[EXERCISE MATERIALS]
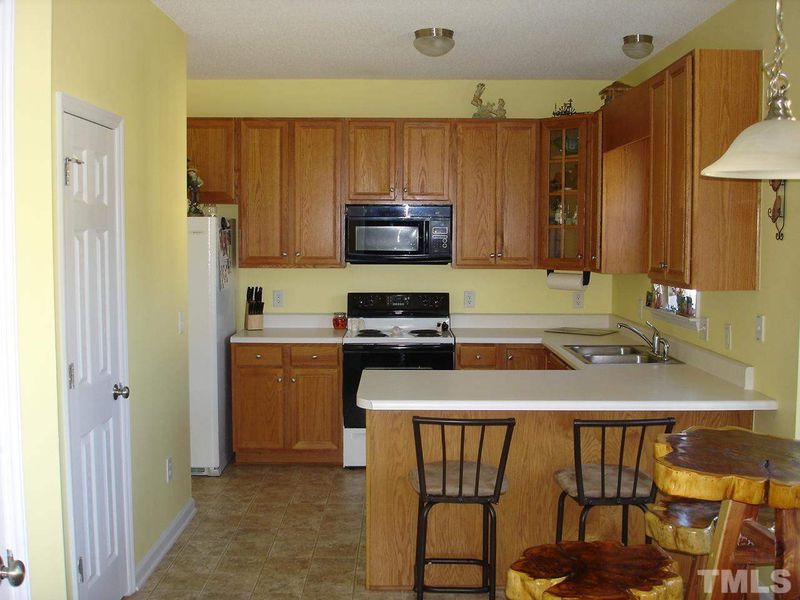 100 Constrata Ct, Garner, NC 27529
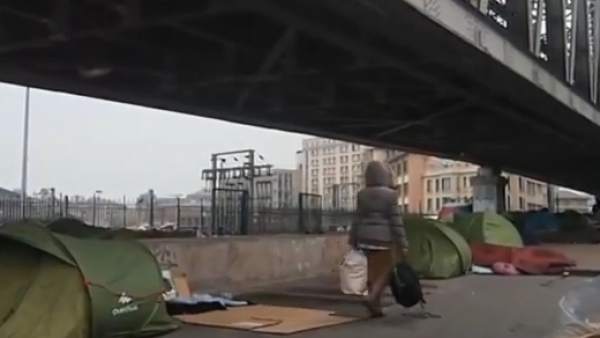 Campamento de refugiados en París Campamento de refugiados en París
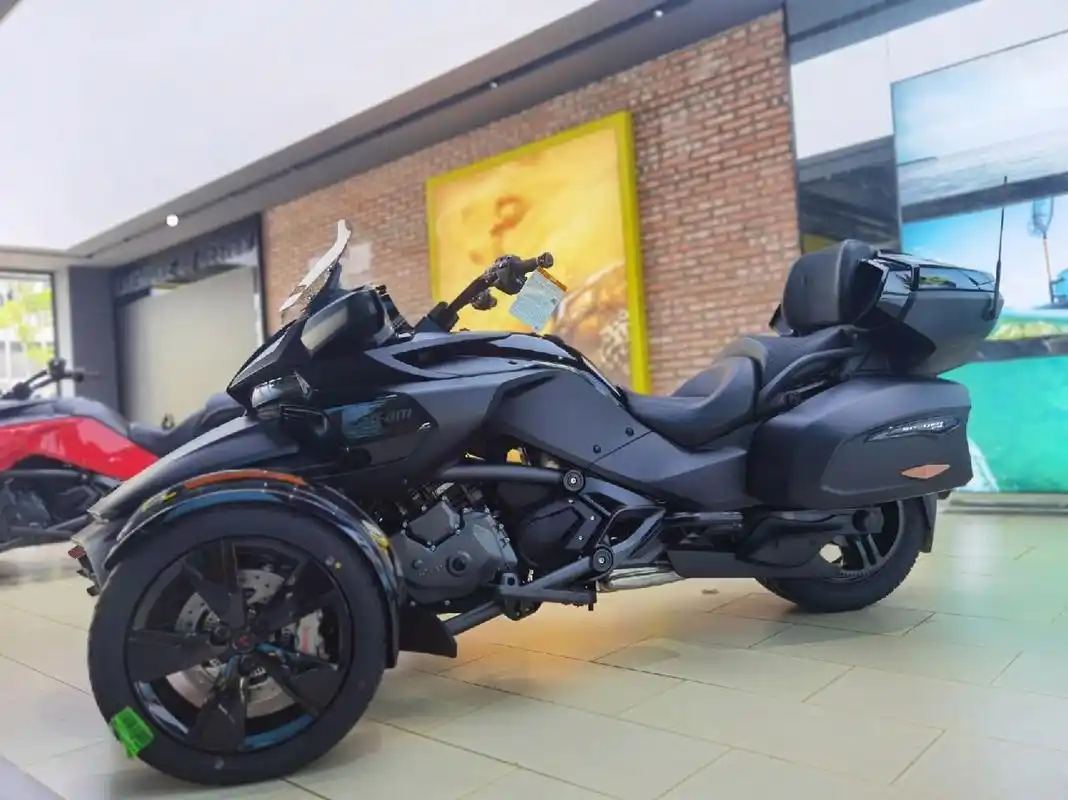 22款全新庞巴迪倒三轮spyder限量磨砂黑 22款全新庞巴迪倒三轮spyder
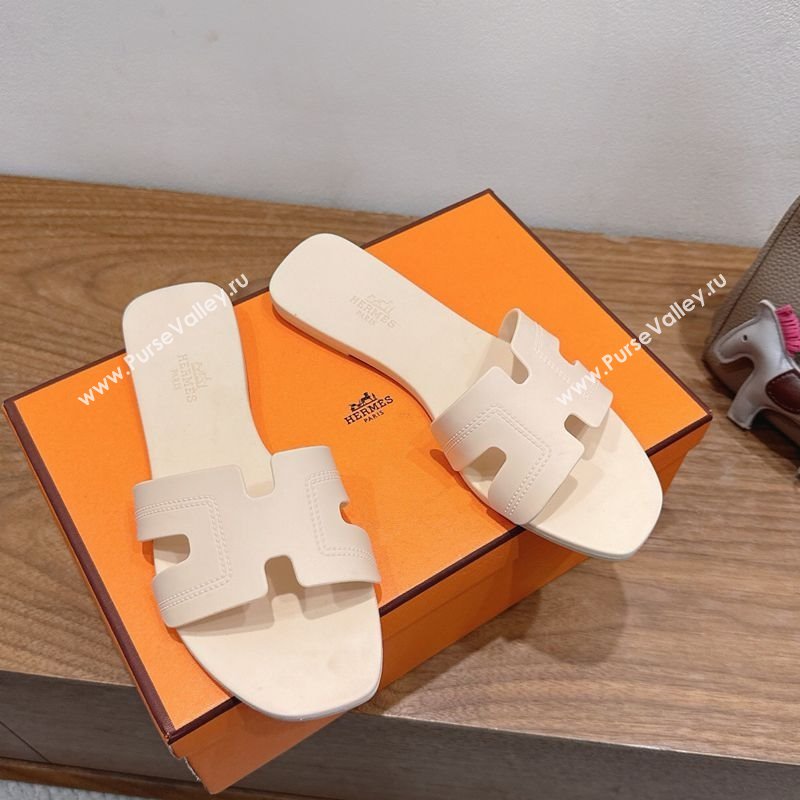 Hermes Oran Classic Flat Slides Sandal in Stitching Rubber Light Nude 2025 (MD-250820190)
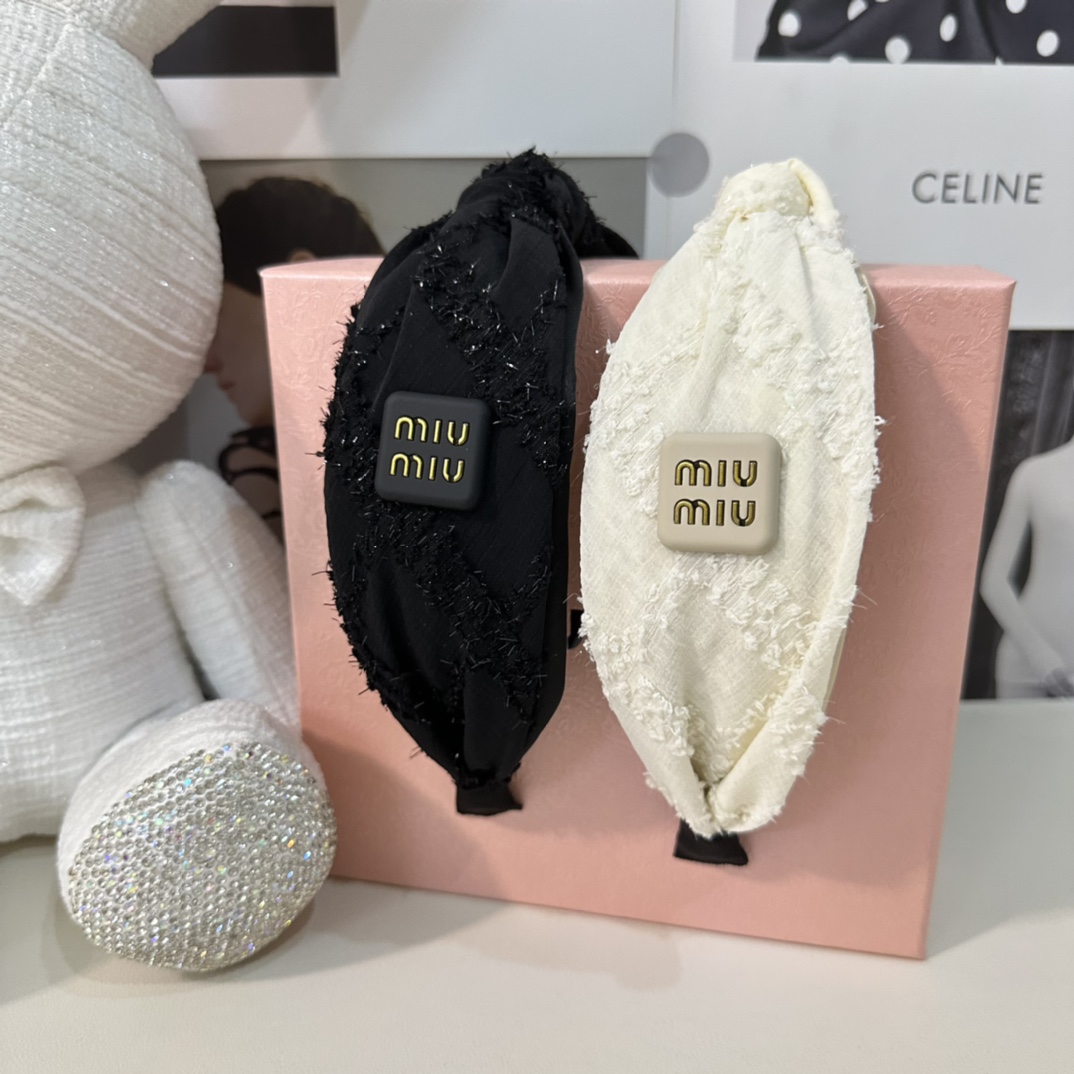 ミュウミュウカチューシャMiu Miu 2023新作 カチューシャ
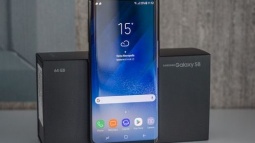 Mini Galaxy S8 Geliyor!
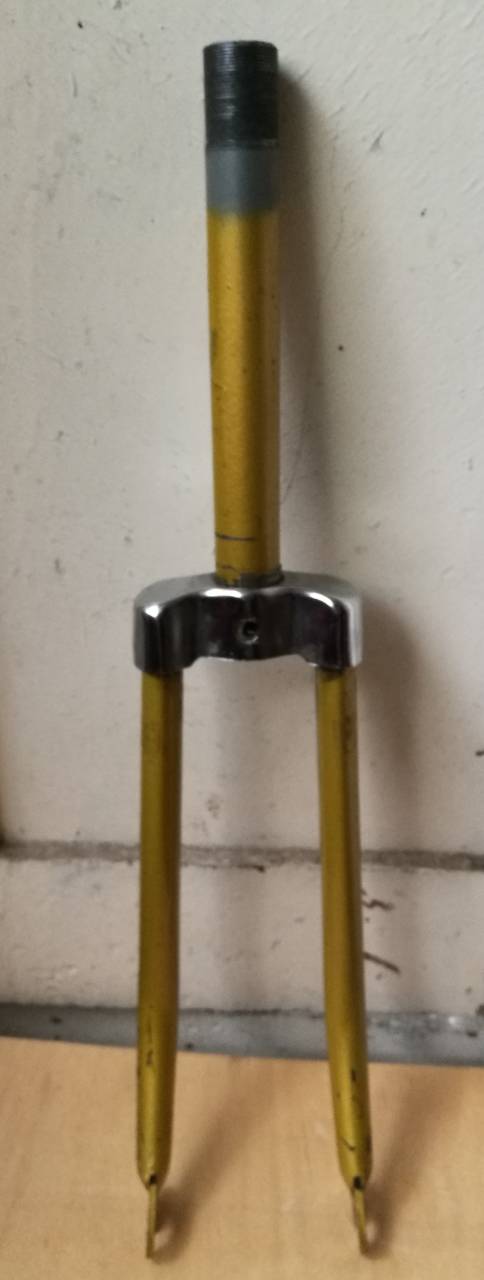 Вилка на хвз турист. Вилка 14" сталь/110110. Вилка от велосипеда кама. Велосипед десна усиленная рама. Вилка на stels 710.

[WHAT IS REQUIRED]
Would you reproduce the lines above, from the very first through the line containing "Mini Galaxy S8 Geliyor!", exactly and without the pictures?

[EXERCISE OUTPUT]
 100 Constrata Ct, Garner, NC 27529
 Campamento de refugiados en París Campamento de refugiados en París
 22款全新庞巴迪倒三轮spyder限量磨砂黑 22款全新庞巴迪倒三轮spyder
 Hermes Oran Classic Flat Slides Sandal in Stitching Rubber Light Nude 2025 (MD-250820190)
 ミュウミュウカチューシャMiu Miu 2023新作 カチューシャ
 Mini Galaxy S8 Geliyor!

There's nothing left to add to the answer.